The governor’s wild ploy
The tactic is wrong but the goal is good
It’s an indication of just how insane the battle over the state budget has become that Gov. Arnold Schwarzenegger has ordered that the pay of all state employees—with a few exceptions—be dialed back to minimum wage, $7.75 per hour. If it’s carried out, the order will affect more than 200,000 innocent people, putting in jeopardy their mortgages, car payments, kids’ college tuition, even their ability to put food on the table.
The governor’s move is a ploy, of course. He’s using blunt force to coerce state employees’ unions into agreeing to concessions at the bargaining table. He’s already convinced six unions to agree to such concessions, and this is how he’s going after the others. It’s a heck of a way to run a state.
That’s not to say the concessions he’s seeking aren’t reasonable. They won’t have much short-term effect, but in the long run a readjustment of pension benefits is necessary. California has been too generous with its defined-benefit pension plans, far outstripping the private sector, where most people are reliant on largely self-financed 401(k) plans.
The six unions that have negotiated new contracts have agreed to extend the retirement age for new hires from 55 to 60 (from 50 to 55 for the Highway Patrol) and pay 10 percent instead of 5 percent toward their pensions. They will still enjoy some of the best benefits available today.
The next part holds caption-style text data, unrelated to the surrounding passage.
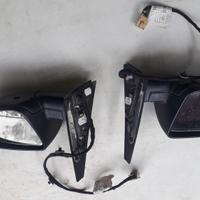 Specchi per Audi A2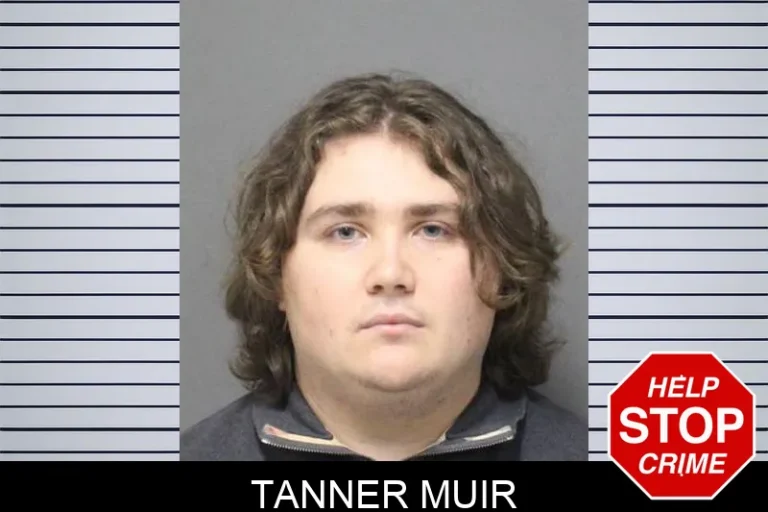 Tanner Muir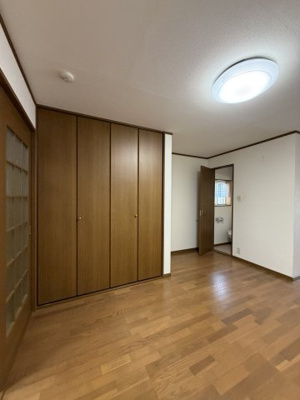 【居間・リビング】 | 藤田ハイツ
State Controller John Chiang is refusing to implement the governor’s order, saying it’s against federal law and, besides, his office’s computer system can’t handle it. He’s appealing the court decision. But union leaders would be wise not to rely on Chiang. Recalcitrance on their part could boomerang, especially if Meg Whitman—who says she intends to cut 40,000 workers from the state payroll—becomes governor.